CityGrows incorporated in 2015 and sells software to local governments via which they can digitize and automate permitting and licensing workflows. The technology also processes online payments and features what the company calls a “smart dashboard.”
Terms were not disclosed.
CityGrows “not only built a powerful permitting and licensing solution, but their underlying platform is actually use-case agnostic and enables governments to modernize any paper or PDF form and workflow,” said Chris Bullock, CEO and co-founder of ClearGov, in a statement. “Furthermore, the hallmarks of their platform — ease-of-use, quick implementation, and affordability — align perfectly with ClearGov’s solutions.”
Early in 2022, ClearGov said it had raised $20 million in a funding round led by private equity firm Frontier Growth.
The company now serves more than 600 public-sector customers in 48 states. That new investment came after the company launched its Capital Budgeting cloud-based software.
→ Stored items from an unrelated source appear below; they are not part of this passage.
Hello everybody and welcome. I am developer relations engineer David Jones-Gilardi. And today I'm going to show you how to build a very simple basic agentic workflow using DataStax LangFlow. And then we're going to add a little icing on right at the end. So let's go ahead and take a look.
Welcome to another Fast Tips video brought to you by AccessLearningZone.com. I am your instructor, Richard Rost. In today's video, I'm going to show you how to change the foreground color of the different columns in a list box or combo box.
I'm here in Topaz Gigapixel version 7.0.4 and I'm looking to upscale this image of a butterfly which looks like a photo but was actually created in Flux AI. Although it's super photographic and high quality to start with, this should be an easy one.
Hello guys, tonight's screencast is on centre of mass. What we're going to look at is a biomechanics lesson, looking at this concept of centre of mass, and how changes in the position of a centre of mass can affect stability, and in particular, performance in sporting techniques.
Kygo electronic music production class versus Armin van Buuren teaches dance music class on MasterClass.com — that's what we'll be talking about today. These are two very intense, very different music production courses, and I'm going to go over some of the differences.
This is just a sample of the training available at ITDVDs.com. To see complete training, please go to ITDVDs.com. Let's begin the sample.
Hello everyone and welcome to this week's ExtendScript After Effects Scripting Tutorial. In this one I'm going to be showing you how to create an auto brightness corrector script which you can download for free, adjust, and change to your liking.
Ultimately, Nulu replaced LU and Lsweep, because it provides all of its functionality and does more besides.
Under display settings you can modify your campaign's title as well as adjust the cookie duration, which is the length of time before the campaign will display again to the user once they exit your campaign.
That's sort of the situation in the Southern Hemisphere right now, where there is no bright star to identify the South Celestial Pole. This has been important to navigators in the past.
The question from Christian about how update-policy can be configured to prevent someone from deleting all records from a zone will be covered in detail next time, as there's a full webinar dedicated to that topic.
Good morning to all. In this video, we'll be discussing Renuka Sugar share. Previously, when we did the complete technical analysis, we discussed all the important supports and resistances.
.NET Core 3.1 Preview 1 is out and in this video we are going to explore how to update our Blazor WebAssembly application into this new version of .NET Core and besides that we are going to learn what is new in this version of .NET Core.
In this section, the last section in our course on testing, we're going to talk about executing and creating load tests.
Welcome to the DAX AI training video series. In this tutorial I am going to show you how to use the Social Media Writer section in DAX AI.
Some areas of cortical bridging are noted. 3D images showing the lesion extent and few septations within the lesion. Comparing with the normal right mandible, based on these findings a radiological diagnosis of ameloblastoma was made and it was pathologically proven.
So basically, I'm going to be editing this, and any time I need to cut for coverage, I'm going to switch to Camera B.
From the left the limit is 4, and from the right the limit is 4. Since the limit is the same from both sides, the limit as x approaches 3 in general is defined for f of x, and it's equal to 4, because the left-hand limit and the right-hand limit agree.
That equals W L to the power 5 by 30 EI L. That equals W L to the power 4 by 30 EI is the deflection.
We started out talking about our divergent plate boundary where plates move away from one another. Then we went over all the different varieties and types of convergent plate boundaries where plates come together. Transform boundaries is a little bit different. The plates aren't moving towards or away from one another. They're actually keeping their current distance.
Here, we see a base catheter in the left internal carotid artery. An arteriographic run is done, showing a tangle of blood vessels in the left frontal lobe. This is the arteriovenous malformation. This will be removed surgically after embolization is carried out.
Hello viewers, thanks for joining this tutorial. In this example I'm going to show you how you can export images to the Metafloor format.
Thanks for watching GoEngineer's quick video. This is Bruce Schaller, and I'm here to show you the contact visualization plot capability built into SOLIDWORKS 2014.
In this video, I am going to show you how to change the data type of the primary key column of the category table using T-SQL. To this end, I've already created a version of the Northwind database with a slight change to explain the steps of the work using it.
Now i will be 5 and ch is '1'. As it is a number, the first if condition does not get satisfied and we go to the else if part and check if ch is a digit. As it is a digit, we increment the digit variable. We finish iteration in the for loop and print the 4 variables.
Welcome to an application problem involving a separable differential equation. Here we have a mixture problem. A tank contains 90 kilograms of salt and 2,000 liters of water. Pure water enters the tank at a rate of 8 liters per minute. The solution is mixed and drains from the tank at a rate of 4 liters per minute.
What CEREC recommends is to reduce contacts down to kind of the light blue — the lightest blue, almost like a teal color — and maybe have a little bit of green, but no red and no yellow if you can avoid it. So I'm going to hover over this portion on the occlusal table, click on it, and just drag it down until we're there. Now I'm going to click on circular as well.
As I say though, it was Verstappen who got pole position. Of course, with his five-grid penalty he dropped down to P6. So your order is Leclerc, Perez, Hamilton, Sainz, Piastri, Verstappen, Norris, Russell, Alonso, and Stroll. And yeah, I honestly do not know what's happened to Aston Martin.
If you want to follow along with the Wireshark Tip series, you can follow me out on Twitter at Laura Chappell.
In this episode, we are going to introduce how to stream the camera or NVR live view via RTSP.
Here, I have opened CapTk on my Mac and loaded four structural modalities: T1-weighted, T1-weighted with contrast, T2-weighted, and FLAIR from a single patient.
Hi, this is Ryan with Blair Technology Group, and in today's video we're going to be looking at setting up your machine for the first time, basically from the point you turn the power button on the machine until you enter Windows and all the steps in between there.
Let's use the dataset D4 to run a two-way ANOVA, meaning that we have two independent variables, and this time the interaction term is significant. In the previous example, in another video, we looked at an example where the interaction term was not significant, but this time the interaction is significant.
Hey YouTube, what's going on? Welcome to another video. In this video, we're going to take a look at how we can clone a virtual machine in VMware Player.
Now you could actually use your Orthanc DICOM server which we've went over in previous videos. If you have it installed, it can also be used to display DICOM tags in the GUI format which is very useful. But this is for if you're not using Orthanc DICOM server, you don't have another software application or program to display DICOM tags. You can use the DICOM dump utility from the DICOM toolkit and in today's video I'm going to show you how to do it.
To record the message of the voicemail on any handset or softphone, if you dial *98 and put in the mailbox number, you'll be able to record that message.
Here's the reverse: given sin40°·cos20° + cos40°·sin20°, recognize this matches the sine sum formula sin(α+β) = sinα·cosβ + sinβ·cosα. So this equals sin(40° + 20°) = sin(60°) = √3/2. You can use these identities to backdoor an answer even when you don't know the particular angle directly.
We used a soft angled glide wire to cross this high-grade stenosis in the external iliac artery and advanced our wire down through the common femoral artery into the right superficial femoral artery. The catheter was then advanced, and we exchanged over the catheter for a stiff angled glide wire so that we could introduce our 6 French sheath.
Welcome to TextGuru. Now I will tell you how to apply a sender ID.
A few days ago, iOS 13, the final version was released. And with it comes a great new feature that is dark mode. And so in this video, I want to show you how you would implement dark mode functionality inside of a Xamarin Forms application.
It is designed to help local governments keep track of capital project proposals — a need that is likely to increase for many governments as new federal infrastructure dollars work their way to local agencies.
“Local government is clearly in the midst of a transformational shift to modern, cloud-based solutions to help them operate more efficiently,” said Bryan Burdick, president and co-founder of ClearGov, in the statement.
As for CityGrows, its technology has been on display lately in the Los Angeles region as officials there sought to permit open-air dining for restaurants during the pandemic — and do so quickly.
“With ClearGov, we truly feel like we’ve found kindred spirits,” said Stephen Corwin, CTO and co-founder of CityGrows, in the statement. “Like CityGrows, the ClearGov team clearly believes in creating best-of-breed, elegant, intuitive, modern software that solves targeted challenges for local governments.”